What Does An Interchange-Plus Quote Look Like?
A standard quote will show both parts of the markup:
Interchange + X% (percentage-based markup) + $Y (fixed markup, or authorization fee)
For example: Interchange + 0.25% + $0.10.
Watch out because some providers advertise only their markup without mentioning interchange. That’s misleading because you’ll always pay interchange, and it usually makes up most of your costs.
Also, remember that interchange fees are set by credit card associations, so processors can’t change interchange rates. If a salesperson claims they can “lower interchange,” they’re either misinformed or not being honest.
How Does Interchange-Plus Compare To Other Pricing Plans?

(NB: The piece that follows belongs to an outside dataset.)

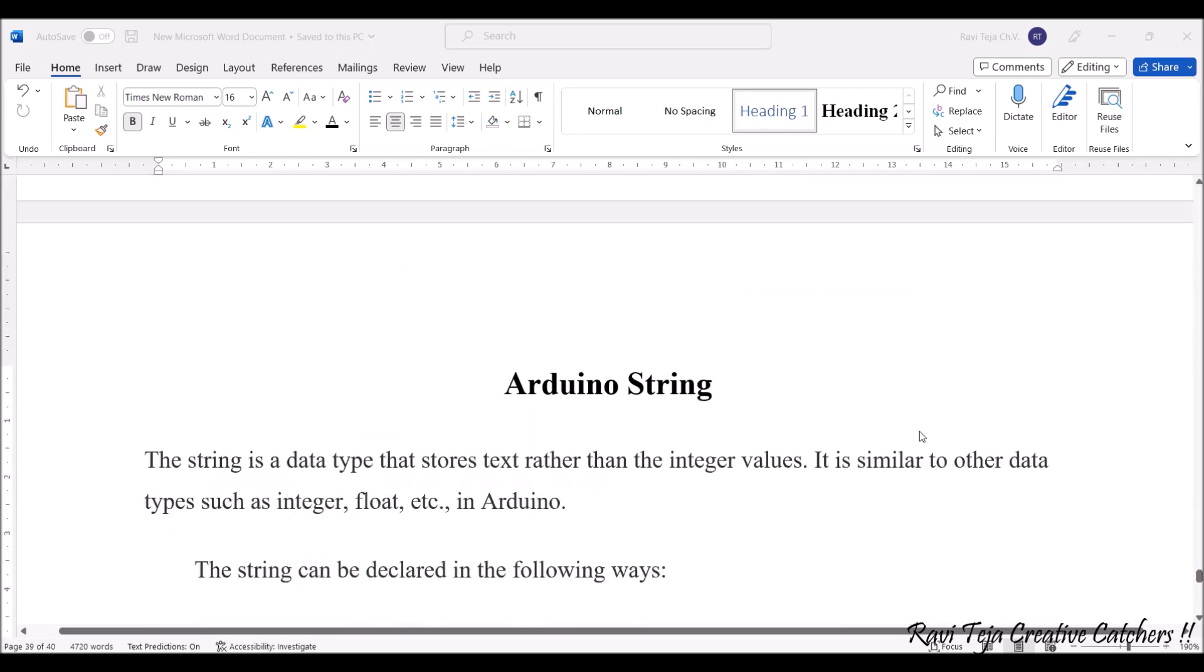These are the string objects and their functions. Whenever we get into more depth with respect to Arduino programming, we come across all these things.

There are four main pricing models in the payments world:
- Interchange-plus
- Tiered pricing
- Flat-rate pricing
- Membership (subscription) pricing
Here’s how interchange-plus stacks up:
Interchange-Plus VS Tiered Pricing
Tiered pricing groups transactions into three buckets: qualified, mid-qualified, and non-qualified. It looks simple, but it’s usually more expensive and less transparent.

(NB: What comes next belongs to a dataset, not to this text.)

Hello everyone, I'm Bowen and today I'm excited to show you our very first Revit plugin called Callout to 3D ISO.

Why interchange-plus is better:
- You see the provider markup clearly
- Interchange is passed through at cost
- Debit card transactions are cheaper
- It almost always costs less overall
Interchange-Plus VS Flat-Rate Pricing
Flat-rate pricing (like Square or PayPal) charges one fixed percentage for each type of transaction. It’s predictable but usually more expensive once your volume grows.
Why interchange-plus is better:
- Markup is consistent across all transactions
- Interchange is broken down on statements
- Debit transactions cost less
- High-volume merchants usually save more, even with monthly fees
Interchange-Plus VS Membership Pricing
Membership (or subscription) pricing is a variation of interchange-plus: you pay actual interchange rates plus a flat monthly fee and per-transaction charge. This can be cheaper for very high-volume businesses, but it’s often overkill for smaller ones.
Why interchange-plus may be better:
- No big upfront subscription fee
- More cost-effective for low or moderate volumes
Which Credit Card Processors Offer Interchange-Plus Pricing?
Not every provider advertises interchange-plus, but most can offer it if you ask. Some reserve it for higher-volume businesses, while others make it standard for all merchants.
Processors that openly offer interchange-plus include:
Should You Always Choose Interchange-Plus Pricing?
Interchange-plus is often the best option because it’s transparent and usually cheaper than other models. But it’s not perfect. Markups can still be high if you don’t negotiate, and you’ll likely pay monthly and annual fees (in addition to transaction costs).
It also may not be the most cost-effective option for smaller businesses.
This model works best if:
- You process at least $5,000/month in card sales
- Your business isn’t seasonal
- You run a lot of debit transactions
For very high-volume businesses, subscription pricing might beat it. But for most merchants, interchange-plus strikes the best balance of fairness, cost, and transparency.